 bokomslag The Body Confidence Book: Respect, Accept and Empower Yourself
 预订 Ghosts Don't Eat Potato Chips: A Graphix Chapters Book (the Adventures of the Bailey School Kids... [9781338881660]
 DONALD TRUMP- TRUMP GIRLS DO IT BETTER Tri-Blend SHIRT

Task to carry out: From the line containing "预订 Ghosts Don't" to the final line above, output everything. Change nothing and add nothing.

Result:
 预订 Ghosts Don't Eat Potato Chips: A Graphix Chapters Book (the Adventures of the Bailey School Kids... [9781338881660]
 DONALD TRUMP- TRUMP GIRLS DO IT BETTER Tri-Blend SHIRT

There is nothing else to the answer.